So far, ordinary time has not been ordinary at all, but that’s usually true in my life anyway. My spirituality is anything but ordinary, and I have this uncanny ability to do absolutely everything the wrong way, and yet it seems that for me and my relationship with Jesus, the order of things is the correct order for me. I was told about Jesus my whole life, but I would argue that I never truly encountered Jesus until the day I walked into my first service in the Episcopal Church. For those who ask why I’m Episcopalian and not Catholic, I have two responses: I’m Episcopalian because I first met Jesus in the Episcopal Church, and secondly, I am Catholic, I’m just not Roman Catholic.
I suppose for me I ought to begin calling this season extraordinay time. This past week brought a major shift in my spiritual life, a shift that has been in process for a while now. I’ve alluded to the fact that I’m quite well acquainted with the darkness, and have seen and experienced and participated in things that are truly evil. Several months ago, I called on Mary, Undoer of Knots, to undo the knots in my life and I’ve got to say that it’s not a good idea to ask for that unless you’re truly ready. I’m not sure that I was ready as such but that Jesus and Mary were ready and they have been helping me through.
I’m using ordinary time to focus on my own individual journey with Jesus, getting closer to him, and working through some spiritual issues that I need to work through. I’m spending the time doing a lot of reading, and I’m attempting to listen to Jesus and do what he asks of me. The latest thing he asked of me truly pissed me off, but you know, after my going back and forth arguing with the dude, it occured to me that Jesus has done a lot for me, he’s dragged my dumb ass kicking and screaming out of some pretty bad places. Which means that I should probably give up arguing so much and just agree to his requests in the first place.
I don’t usually disclose the kinds of things Jesus asks me to do, but not only is this one very public, but I want to share the arguments I posed to Jesus. For the past few months, Jesus had been working on me to ask me to wear a head covering when in church, in prayer, in confession. I was, to be brutally honest, totally pissed. I told Jesus that I’m not a sweet, conservative, church lady, and that he appeared to think that I was. Jesus came back at me and told me he understood my frustration, but that he was not asking me to be a sweet, conservative, church lady. He was asking me to cover my head.
I told Jesus “my family back in Australia does that shit, and it’s triggering.” Jesus promised to take that trigger away. Besides, he said, they wear fancy hats to out do each other, you’re going to wear a veil. Church isn’t the Melbourne Cup, or any of the other horse races, after all. Not that I’ve ever been to the races or had any desire to go, but the hats are something spectacular. “Wait, I’m going to what?” Jesus repeated himself. “Why would you do this to me” I asked him. “You’ve changed which gods you serve, and you have committed yourself to following me. I want you to remember that,” he said. “Come on, JC, those veils are a sign of a woman’s submission to her father or husband and I am not owned by any man.” Jesus assured me that my issues with men had nothing to do with his request.

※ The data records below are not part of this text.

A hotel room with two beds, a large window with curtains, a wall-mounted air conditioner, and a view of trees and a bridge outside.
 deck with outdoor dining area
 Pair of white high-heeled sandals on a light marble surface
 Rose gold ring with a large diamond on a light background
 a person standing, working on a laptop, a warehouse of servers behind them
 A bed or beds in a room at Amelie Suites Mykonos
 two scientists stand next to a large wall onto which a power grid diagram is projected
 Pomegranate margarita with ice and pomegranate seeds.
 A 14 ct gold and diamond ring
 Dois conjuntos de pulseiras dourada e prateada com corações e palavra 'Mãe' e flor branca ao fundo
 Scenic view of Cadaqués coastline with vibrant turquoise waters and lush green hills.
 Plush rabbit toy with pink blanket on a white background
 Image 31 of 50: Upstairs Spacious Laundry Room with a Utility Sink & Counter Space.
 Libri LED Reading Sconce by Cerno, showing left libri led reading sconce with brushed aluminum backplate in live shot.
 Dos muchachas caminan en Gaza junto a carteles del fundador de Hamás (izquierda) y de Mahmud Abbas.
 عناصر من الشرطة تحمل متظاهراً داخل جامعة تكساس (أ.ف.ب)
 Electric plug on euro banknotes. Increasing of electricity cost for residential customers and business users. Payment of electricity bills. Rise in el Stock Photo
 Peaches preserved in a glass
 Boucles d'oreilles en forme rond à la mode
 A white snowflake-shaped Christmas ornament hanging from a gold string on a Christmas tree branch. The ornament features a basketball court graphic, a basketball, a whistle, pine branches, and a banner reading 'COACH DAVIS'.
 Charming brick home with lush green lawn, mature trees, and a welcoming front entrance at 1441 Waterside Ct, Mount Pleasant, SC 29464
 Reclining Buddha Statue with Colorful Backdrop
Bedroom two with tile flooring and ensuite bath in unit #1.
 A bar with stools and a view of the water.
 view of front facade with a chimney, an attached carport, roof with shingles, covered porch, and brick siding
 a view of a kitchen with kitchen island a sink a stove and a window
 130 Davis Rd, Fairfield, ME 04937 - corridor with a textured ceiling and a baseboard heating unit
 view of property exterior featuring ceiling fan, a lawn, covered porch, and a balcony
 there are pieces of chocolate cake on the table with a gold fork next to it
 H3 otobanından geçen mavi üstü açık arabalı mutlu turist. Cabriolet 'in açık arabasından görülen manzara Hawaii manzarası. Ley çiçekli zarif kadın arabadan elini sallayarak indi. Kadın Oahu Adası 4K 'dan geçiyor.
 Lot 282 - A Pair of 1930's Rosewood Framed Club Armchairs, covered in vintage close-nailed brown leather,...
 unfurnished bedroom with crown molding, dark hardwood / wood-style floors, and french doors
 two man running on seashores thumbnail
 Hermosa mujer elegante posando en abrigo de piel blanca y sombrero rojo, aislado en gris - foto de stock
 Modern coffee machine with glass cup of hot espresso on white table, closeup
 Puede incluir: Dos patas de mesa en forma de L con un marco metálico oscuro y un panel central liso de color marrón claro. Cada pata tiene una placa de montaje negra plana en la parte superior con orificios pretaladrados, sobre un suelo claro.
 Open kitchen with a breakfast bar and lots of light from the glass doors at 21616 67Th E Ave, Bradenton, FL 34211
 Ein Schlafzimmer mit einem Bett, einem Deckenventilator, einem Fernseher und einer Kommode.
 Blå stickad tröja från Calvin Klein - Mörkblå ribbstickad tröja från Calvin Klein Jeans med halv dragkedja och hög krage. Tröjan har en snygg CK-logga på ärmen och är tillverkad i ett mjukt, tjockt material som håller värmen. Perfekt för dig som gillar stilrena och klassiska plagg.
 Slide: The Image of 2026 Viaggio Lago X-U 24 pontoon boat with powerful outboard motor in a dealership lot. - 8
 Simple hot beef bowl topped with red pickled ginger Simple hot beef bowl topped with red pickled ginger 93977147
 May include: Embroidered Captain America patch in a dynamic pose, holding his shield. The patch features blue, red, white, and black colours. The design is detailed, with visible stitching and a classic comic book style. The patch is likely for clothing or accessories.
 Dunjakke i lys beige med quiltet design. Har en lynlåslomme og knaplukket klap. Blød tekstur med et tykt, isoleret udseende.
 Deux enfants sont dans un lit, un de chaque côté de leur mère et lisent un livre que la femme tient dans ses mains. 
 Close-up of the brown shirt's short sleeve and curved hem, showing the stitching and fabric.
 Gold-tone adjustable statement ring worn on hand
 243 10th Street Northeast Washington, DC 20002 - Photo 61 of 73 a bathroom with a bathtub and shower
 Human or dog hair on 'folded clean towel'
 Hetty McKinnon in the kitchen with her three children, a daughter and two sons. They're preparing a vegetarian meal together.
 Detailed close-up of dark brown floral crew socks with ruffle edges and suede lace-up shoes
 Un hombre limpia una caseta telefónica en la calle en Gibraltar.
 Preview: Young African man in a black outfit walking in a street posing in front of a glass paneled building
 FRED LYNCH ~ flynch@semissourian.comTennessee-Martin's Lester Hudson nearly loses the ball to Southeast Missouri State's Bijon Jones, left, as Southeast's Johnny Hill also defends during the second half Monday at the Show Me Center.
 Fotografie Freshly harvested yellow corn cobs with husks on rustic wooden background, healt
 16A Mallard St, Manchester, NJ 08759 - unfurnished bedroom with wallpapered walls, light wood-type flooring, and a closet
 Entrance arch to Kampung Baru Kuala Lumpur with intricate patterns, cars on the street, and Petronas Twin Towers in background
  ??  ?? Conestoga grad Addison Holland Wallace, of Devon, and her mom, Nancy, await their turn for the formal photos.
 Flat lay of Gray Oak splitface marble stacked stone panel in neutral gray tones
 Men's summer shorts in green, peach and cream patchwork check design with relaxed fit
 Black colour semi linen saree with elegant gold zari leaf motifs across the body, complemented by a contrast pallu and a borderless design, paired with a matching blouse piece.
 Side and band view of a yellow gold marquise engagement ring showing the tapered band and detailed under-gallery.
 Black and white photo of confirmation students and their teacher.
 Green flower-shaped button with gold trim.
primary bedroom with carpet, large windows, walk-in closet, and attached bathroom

The thing is, I already knew why Jesus was asking. I just didn’t want to do it. For the last several weeks I’ve been going through the process of getting ready to consecrate myself to Jesus through Mary, and I suppose this is one of my offerings in that process. Veiling isn’t something most people are called to do, and it’s a very personal thing, but it’s something Jesus asked me to do. I don’t think it was fair that he also sent his mama after me. For me it’s about reverence, respect, submission to Jesus and his mom, remembering where I’ve come from and what Jesus has done for me.
God is always with me, always has been with me, and his presence has always been there. However, when I deliberately enter his presence for prayer or sacraments, I’m going to veil out of love, humility, and respect. God knows I can use a little humility. Today was my first time veiling publicly. I was super self-conscious even though these people are my people and they already know I’m weird but somehow I still belong. I am loved and respected in my parish despite my less than stellar social skills.
I’m going to continue to use (extra)ordinary time to listen to and follow Jesus.